● **TASK TO COMPLETE**
From the records below, print exactly the lines starting at the one containing "Social Distortion I" and ending at the one containing "Pink and Lemon Lily's 8x8 Card Topper", ends included, and nothing else.

● **INFORMATION PROVIDED**
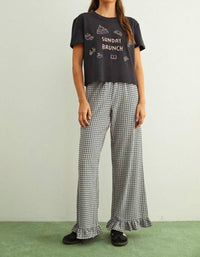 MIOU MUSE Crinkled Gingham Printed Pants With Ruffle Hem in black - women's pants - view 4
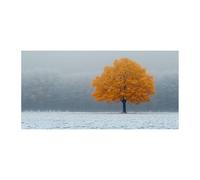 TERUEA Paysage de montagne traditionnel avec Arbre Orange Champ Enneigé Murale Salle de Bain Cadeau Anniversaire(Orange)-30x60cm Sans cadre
...
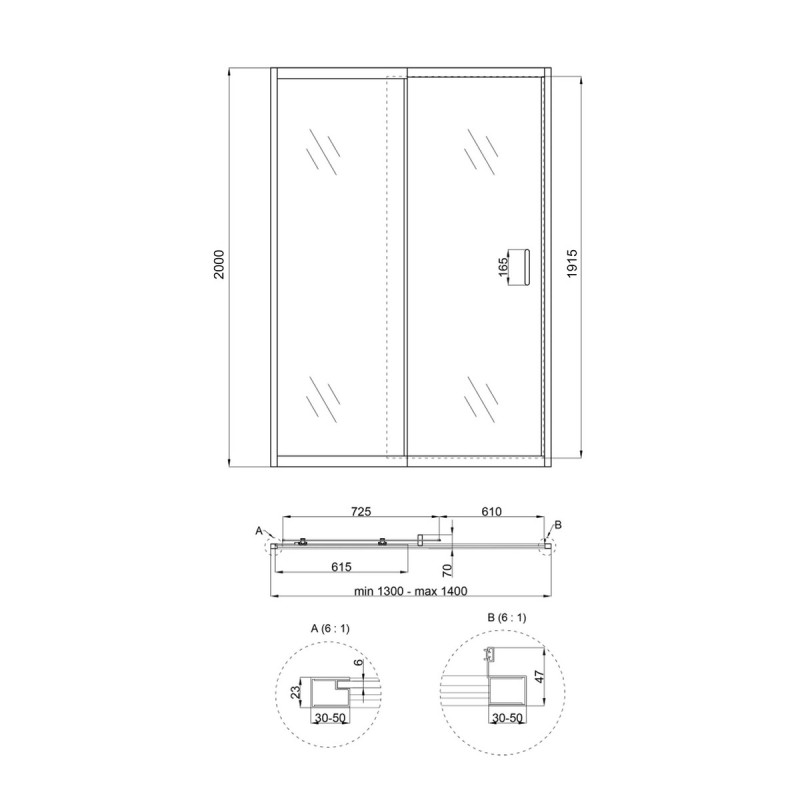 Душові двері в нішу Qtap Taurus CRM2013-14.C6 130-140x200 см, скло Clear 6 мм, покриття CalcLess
* * *
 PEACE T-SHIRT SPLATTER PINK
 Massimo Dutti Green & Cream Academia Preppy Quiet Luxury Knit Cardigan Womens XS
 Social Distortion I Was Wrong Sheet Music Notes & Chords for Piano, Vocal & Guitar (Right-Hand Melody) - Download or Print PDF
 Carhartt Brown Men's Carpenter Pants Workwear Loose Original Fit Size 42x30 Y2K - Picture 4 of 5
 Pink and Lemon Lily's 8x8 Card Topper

● **EXERCISE SOLUTION**
 Social Distortion I Was Wrong Sheet Music Notes & Chords for Piano, Vocal & Guitar (Right-Hand Melody) - Download or Print PDF
 Carhartt Brown Men's Carpenter Pants Workwear Loose Original Fit Size 42x30 Y2K - Picture 4 of 5
 Pink and Lemon Lily's 8x8 Card Topper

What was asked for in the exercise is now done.